-
Notifications
You must be signed in to change notification settings - Fork 88
Description
First off, huge thanks for putting the effort into such a great work.
From the paper, I understood that the Unlabeled Hybrid dataset consists of:
- K710 (~48.8% of the full dataset),
- SSV2 (12.5%),
- AVA(1.5%),
- WebVid2M(18.5%),
- Self-collected(18.5%).
As for the Labeled Hybrid, it only includes K710 (100%) dataset.
My ambiguity is that did you train the same exact K710 twice?
First, at the Pre-training stage: the K710 dataset along with other datasets. Then, at Post-pre-training.
Could you please explain the intuitive reasoning behind using the same dataset twice?
I could find this argument:
...collecting multiple labeled video datasets and building a supervised hybrid dataset can act as a bridge between the large-scale unsupervised dataset and the small-scale downstream target dataset.
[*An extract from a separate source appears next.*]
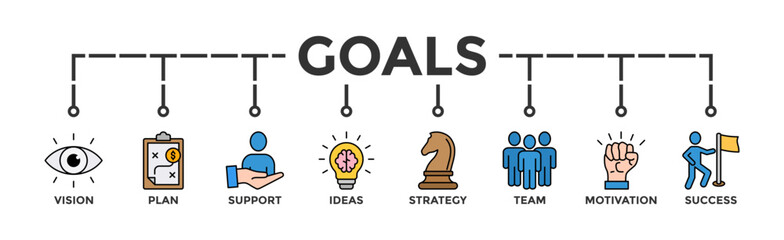 Goals banner web icon vector illustration concept with icon of vision, plan, support, ideas, strategy, team, motivation, and success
Progressive fine-tuning of the pre-trained models through this labeled hybrid dataset could contribute to higher performance in the downstream tasks.
Have you also tried specific fine-tuning right after the pre-training stage without the intermediate post-pre-pretraining stage?
P. S. Cited references 3 and 53 are of the same publication titled: UNIFORMERV2: SPATIOTEMPORAL LEARNING BY ARMING IMAGE VITS WITH VIDEO UNIFORMER.